On 18 February 2019, Mexican president, Andrés Manuel López Obrador, signed a declaration closing the federal prison on the Islas Marías, saying he wanted to promote "more schools and fewer prisons".

==Famous prisoners==
Islas Marias Federal Prison was home to some well-known prisoners including:
- Elias Breeskin, famous Russian violinist
- Ramón Mercader, Leon Trotsky's assassin
- José Revueltas, novelist, "Los Muros de Agua"
- Concepción Acevedo "Madre Conchita", Nun

==Prison escapes==
The prison has had at least 76 escapes in the last 25 years of which 29 took place in 1986 alone. According to newspaper reports the causes are minimum vigilance, shortage of guards and equipment. Among the most dangerous to escape were criminals sentenced for drug trafficking, 28 murderers, and kidnappers. Of the 76 escapees from the Islas Marías, only 10 have been recaptured. According to one source 95% of the escapes are due to corruption.
- On 25 October 1986, an entire family of kidnappers escaped. The Reyes Servín brothers, from Michoacán, have never been caught.
- On 16 January 2006, three drug dealers managed to escape. These were José Abraham González Salas, Fernando Méndez del Fierro and Luis Rey López Barrera. González Salas and Méndez del Fierro were sentenced in California, United States. Through the program of interchange they were transferred to the state of Michoacán. González Salas had been sentenced to 24 years for traffic of methamphetamines and heroin. Méndez del Fierro had been sentenced to 18 years for possession and distribution of cocaine. Coming from San Luis Potosí, López Barrera entered the Islas Marías on 7 October 2000. He had been sentenced to 11 years and three months for possession and transport of marijuana.
- On 24 November 2011, six inmates tried to escape using plastic containers as flotation devices. They were reportedly carried by currents about 60 miles south of the island. A passing boat tipped authorities and they were promptly returned to the island prison.

==Administration==
For many years the prison was administered by the Secretariat of the Interior. Over the years the prison population has fluctuated from 300 to 3000 prisoners.

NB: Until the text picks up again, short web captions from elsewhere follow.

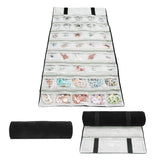 Portable Velvet Jewelry Ring Travel Organizer Foldable Roll Bag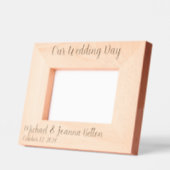 Wedding Pas getrouwd Jubileum Tree Gegraveerde Lijstjes (Links)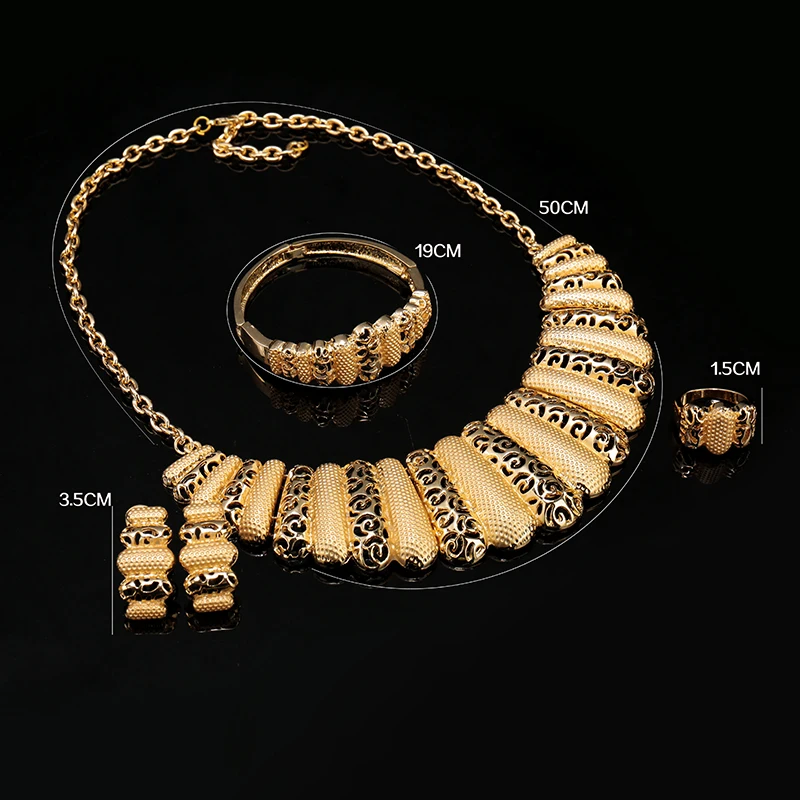 

Fani Fashion African Beads Crystal Jewelry Set Brand Dubai Gold Colorful Jewelry Sets Wholesale Nigerian Wedding Bridal Jewelry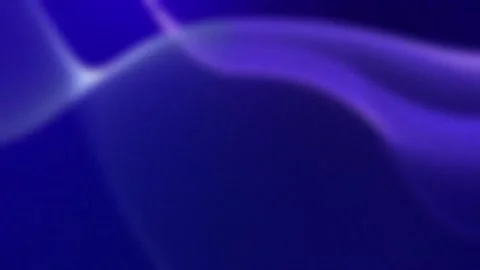 Futuristic blue ribbon mesh wave background with purple glow, seamless loop anim Stock Footage 340499350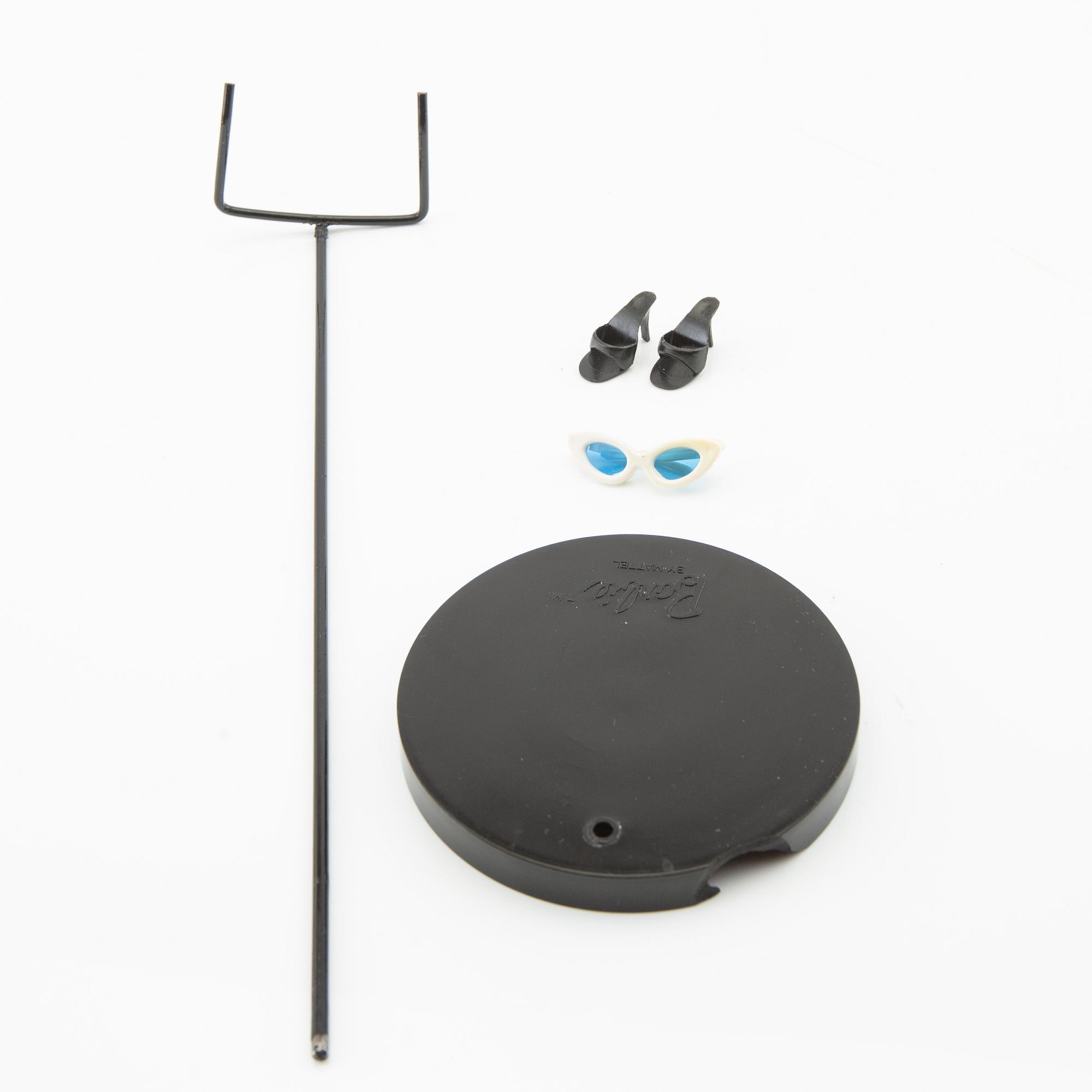 Barbie, docka, vintage "Nr. 3, Ponytail", Mattel 1960.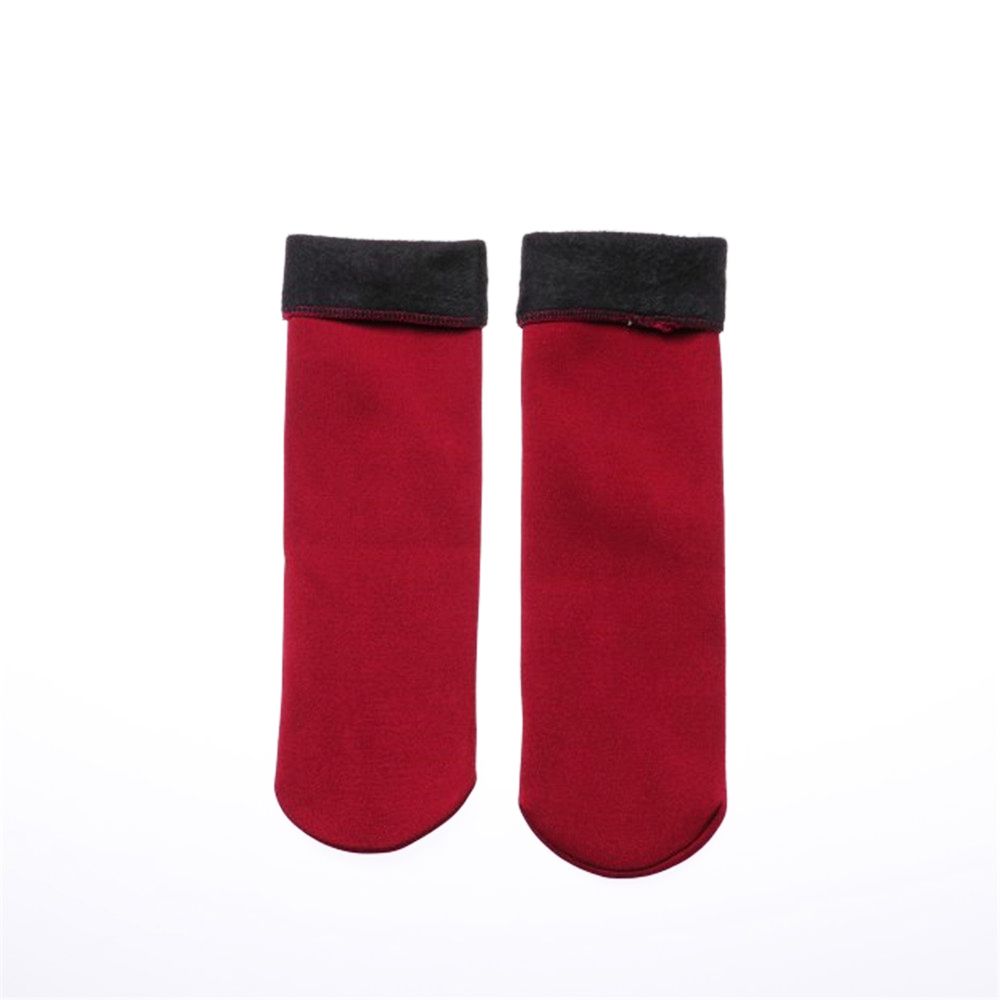 WEARY Women Mens Cashmere Thermal Wool Seamless Velvet Floor Hosiery Sleeping Socks Thicken Snow Socks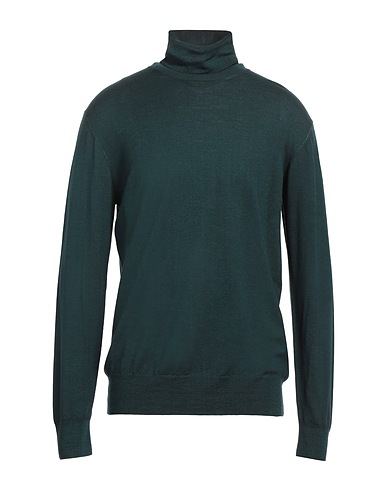 ALTEA Polo neck Dark green 100% Virgin Wool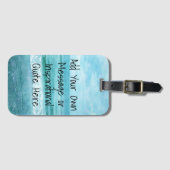 独自の作成やる気を起こさせる引用文 ラゲッジタグ (正面横)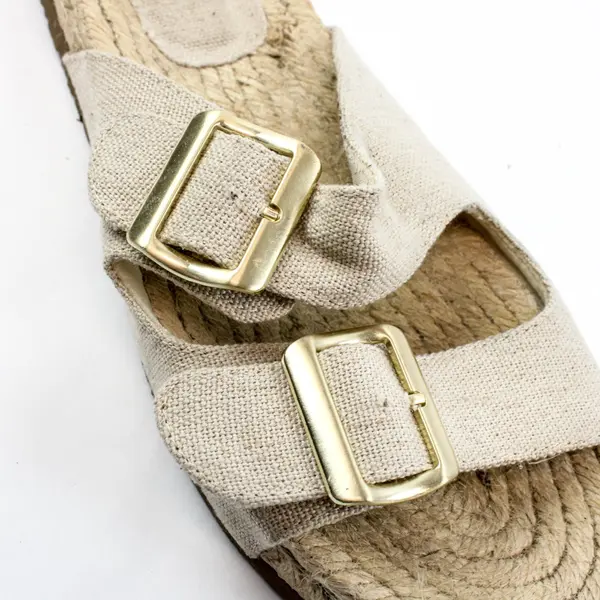 Haute Hippie Nikki Women's Size 10 Cream Espadrille Slide Sandals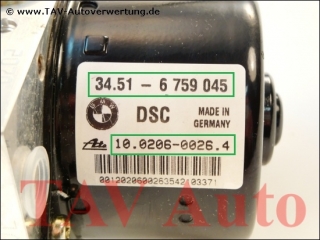 ABS/DSC Hydraulic unit BMW 34-51-6-759-045 6-759-047 Ate 10020600264 10096008113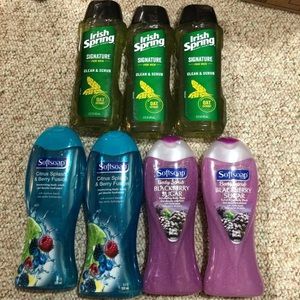 Irish spring softsoap body wash bundle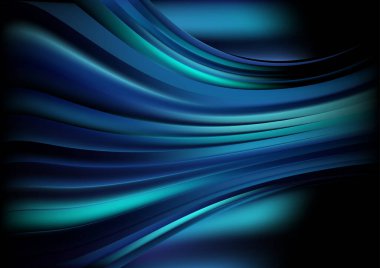 Mavi Yeşil Güzel Arkaplan Vektör İllüstrasyon Tasarımı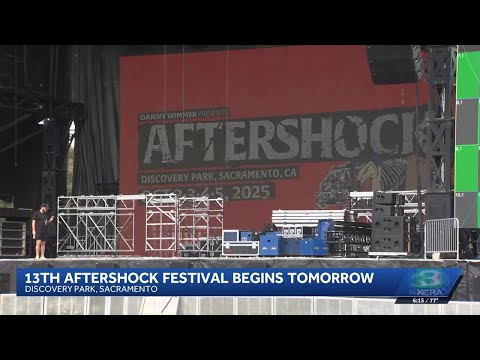 Final touches in Discovery Park as Aftershock music festival gets ready to rock Sacramento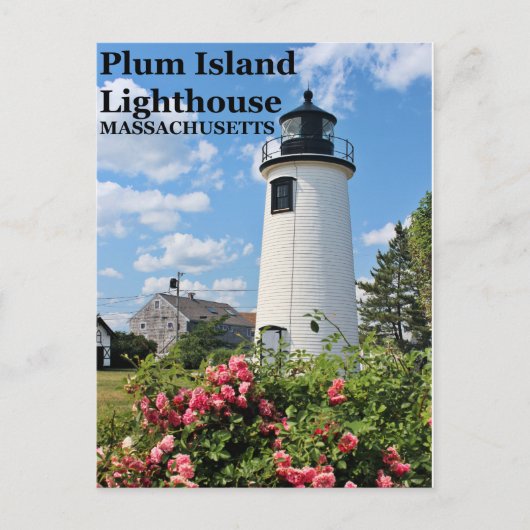 Plum Island Lighthouse, Massachusetts Briefkaart (Voorkant)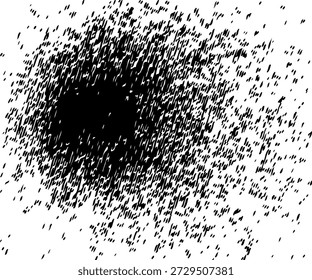 Marco de trazo de pincel blanco y negro sobre fondo blanco. Ilustración vectorial. Vector Grunge Circle. Tinta de trazo cuadrado sobre fondo blanco. Vector Grunge Circle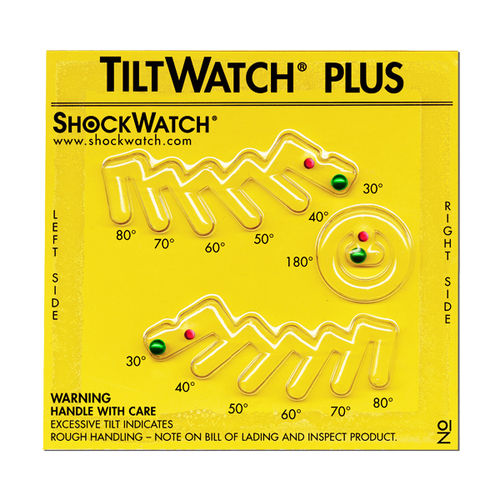 倾斜式指示器 - TiltWatch® Plus  - SpotSee - 标签 / 易安装 / 不可逆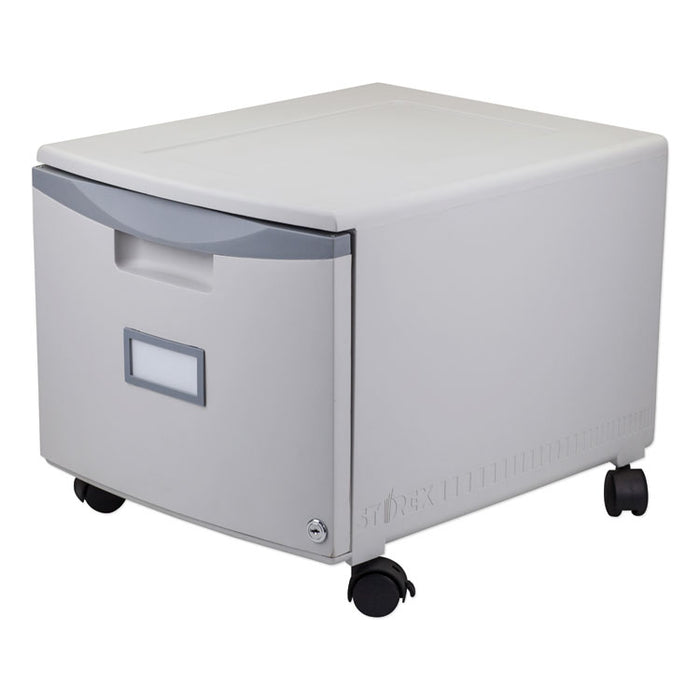 Single-Drawer Mobile Filing Cabinet, 14.75w x 18.25d x 12.75h, Gray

In addition to prisoners, on Maria Madre island, there are employees of diverse institutions of the federal government, such as the Secretariat of Public Education, the Secretariat of the Environment, the Secretariat of Communications and Transport, Post Offices, and the Secretariat of the Navy.

Another group of settlers is made up of religious ministers and acolytes of the Catholic Church, nuns of the Order of Social Service, and invited teachers, technicians and their relatives.

The colony is governed by a state official who is both the governor of the islands and chief judge.

The military command is independent of the government and is exercised by an officer of the Mexican Navy.

The first chaplain in Islas Marías history was prisoner Arturo Salcido, who was sentenced for trafficking of drugs. Salcido built the first temple, and assembled the first Christian Church in the prison.